Recorded data:
________
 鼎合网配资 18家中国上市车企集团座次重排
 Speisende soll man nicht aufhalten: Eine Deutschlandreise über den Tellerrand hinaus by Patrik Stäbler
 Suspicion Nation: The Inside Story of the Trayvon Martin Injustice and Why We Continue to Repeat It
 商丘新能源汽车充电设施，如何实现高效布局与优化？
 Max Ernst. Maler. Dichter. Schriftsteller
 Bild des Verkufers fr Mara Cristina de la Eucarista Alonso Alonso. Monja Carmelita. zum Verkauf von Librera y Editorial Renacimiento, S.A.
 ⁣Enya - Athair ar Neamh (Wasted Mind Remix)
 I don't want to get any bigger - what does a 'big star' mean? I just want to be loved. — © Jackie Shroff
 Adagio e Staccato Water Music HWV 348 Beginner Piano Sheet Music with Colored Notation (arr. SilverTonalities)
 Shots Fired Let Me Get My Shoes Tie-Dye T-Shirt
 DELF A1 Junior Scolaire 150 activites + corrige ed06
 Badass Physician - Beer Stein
________
> _Work request_:
With the line containing "DELF A1 Junior" as the first and the final line of the entries above as the last, write out that span exactly and nothing more.

> _Solution to this exercise_:
 DELF A1 Junior Scolaire 150 activites + corrige ed06
 Badass Physician - Beer Stein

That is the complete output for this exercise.